4. Die Charakterkomik bei Moliere

5. Vergleich der beiden Charakterkomiken

SCHLUSS

I. Einleitung

Bei dieser Hausarbeit handelt es sich um eine Ausarbeitung des Präsentationthemas, welches im Rahmen des Moduls „Einführung in die Literatur- und Kulturtheorie“ im Seminar „Komiktheorie“ bearbeitet wurde. Die Präsentation umfasste das Werk „Das Lachen“ von Henri Bergson, wobei meinerseits eine Beschäftigung mit der Charakterkomik stattgefunden hat.

Bergsons Werk beinhaltet drei Aufsätze über das durch Komik hervorgerufene Lachen und versucht für die jeweiligen Typen Definitionen oder Merkmale zu entwickeln und darzulegen. Er geht dabei zunächst auf die Komik im Allgemeinen ein, daraufhin auf die Situationskomik und zuletzt auf die Charakterkomik, die Hauptthematik dieser Ausarbeitung ist.

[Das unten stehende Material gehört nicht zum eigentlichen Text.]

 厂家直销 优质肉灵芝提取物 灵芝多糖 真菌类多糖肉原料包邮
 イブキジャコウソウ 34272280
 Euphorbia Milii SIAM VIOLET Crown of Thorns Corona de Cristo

Die Ausarbeitung wird eingeleitet mit allgemeinen Informationen zur Arbeit Henri Bergsons und seinem Werk „Das Lachen“, bevor daraufhin genauer auf die Charakterkomik seinerseits eingegangen wird.

Zur weiterführenden Vertiefung der Thematik habe ich mich mit einer Theorie des Komischen, bzw. der Charakterkomik beschäftigt, die auch Thematik Bergsons war und Möglichkeiten zum Vergleich bietet. Diese Theorie ist die Molières aus der Zeit des Absolutismus, die vielen nachfolgenden Philosophen wie auch Bergson als Bearbeitungsgrundlage gedient hat. Zunächst werden einige Angaben zu Molières Weltanschauung, sowie zu seinem Lebenslauf gemacht, woraufhin genauer auf seine Charakterkomik eingegangen wird, die von verschiedenen Autoren untersucht wurden.

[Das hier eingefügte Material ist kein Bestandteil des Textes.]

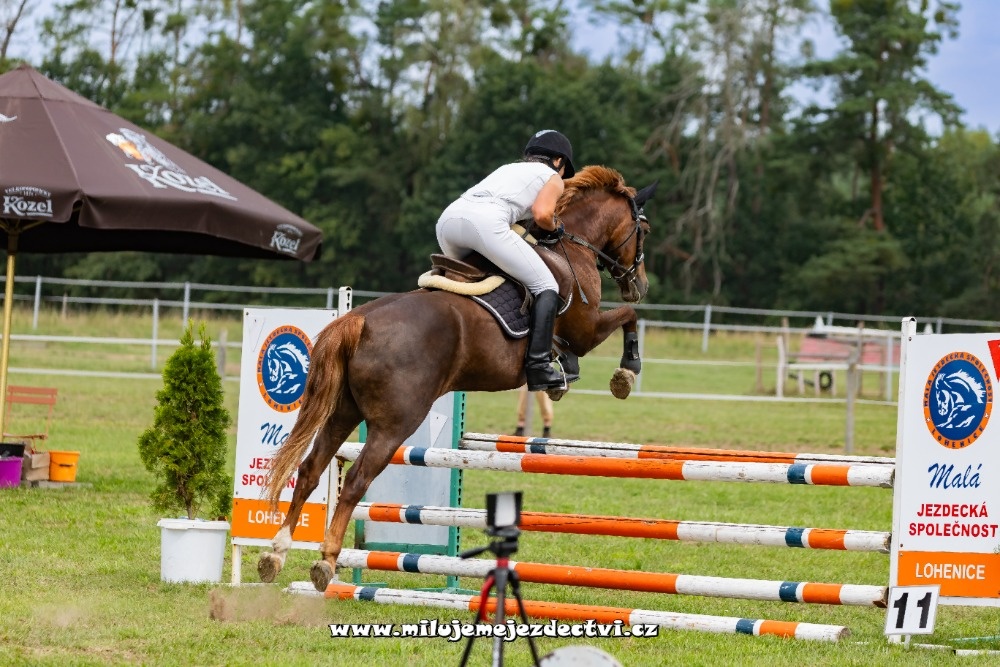 Prodej pony klisny - 3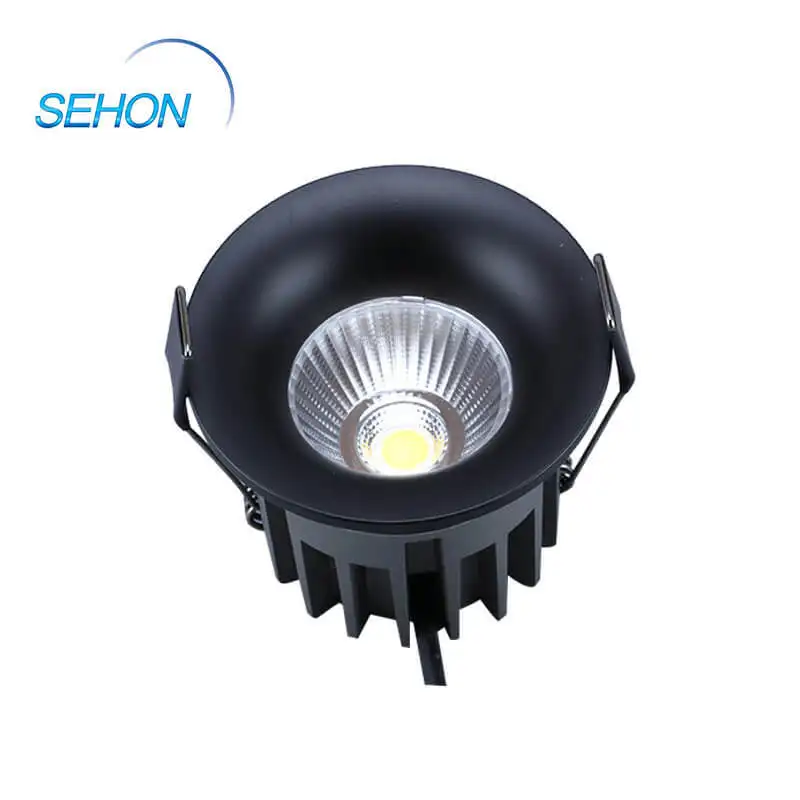 Sehon buy led down lights factory for hotel lighting 4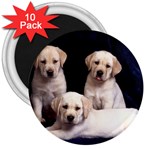 Labrador-Puppy 3 3  Magnet (10 pack)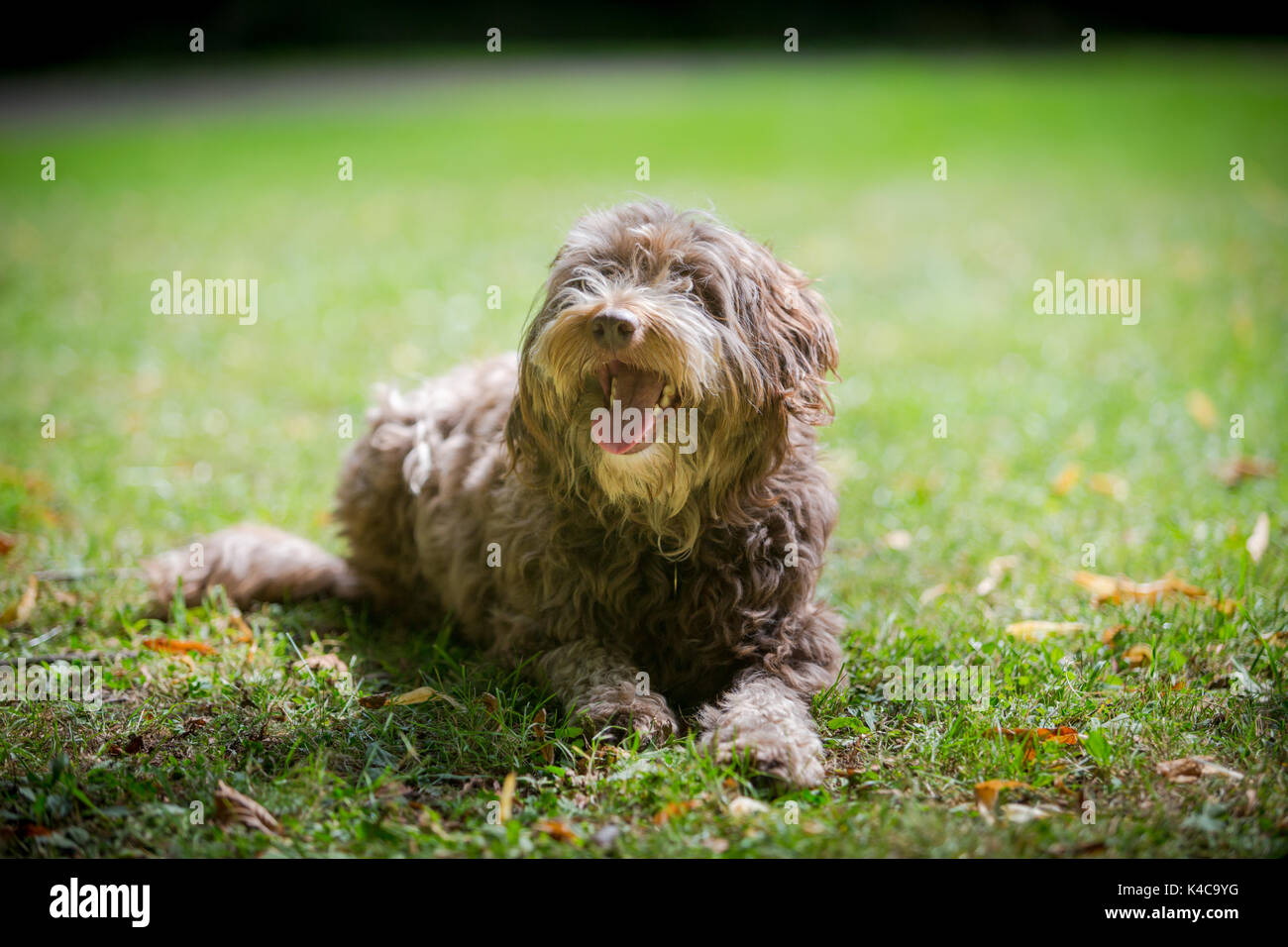 Mixed border collie chien caniche et couché dans l'herbe dans un parc Banque D'Images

Abschließend soll durch einen Vergleich herausgestellt werden, welche Gemeinsamkeiten und Unterschiede die beiden Theorien des komischen Charakters haben und inwiefern sie sich ergänzen oder voneinander abgrenzen. Interessant sind dabei auch die verschiedenen Ausgangspunkte der Philosophen, sowie ihre Voraussetzungen um einen komischen Charakter zu schaffen.

II. Hauptteil

1. Henri Bergson

Henri Bergson wurde 1859 als Sohn jüdischer Eltern in der Schweiz geboren. Sein Vater war Musiklehrer und Komponist. Bergson selbst war zunächst Gymnasiallehrer, bevor er seine universitäre Karriere mit 41 Jahren begann. 1980 wurde er schließlich Professor für griechische und lateinische Philosophie. Jedoch veröffentlichte er schon vorher einige philosophische Schriften. 1941 starb Henri Bergson im Alter von 80 Jahren.1

Er veröffentlichte in seinem Werk „Das Lachen“ von 1948 drei Aufsätze über das durch Komik hervorgerufene Lachen.2 Bergson merkt dabei zunächst an, dass man die Komik nicht in eine Definition zwängen könne, sodass er versucht lediglich verschiedene Merkmale und Betrachtungen herauszuarbeiten.3

Bergson arbeitet drei Betrachtungen der Komik heraus, die sich wie folgt zusammensetzen:

1. Es gibt keine Komik außerhalb dessen, was wahrhaft menschlich ist.
2. Das Lachen ist mit meist einer gewissen Empfindungslosigkeit verbunden.
3. Wir würden die Komik nicht genießen, wenn wir uns allein fühlten.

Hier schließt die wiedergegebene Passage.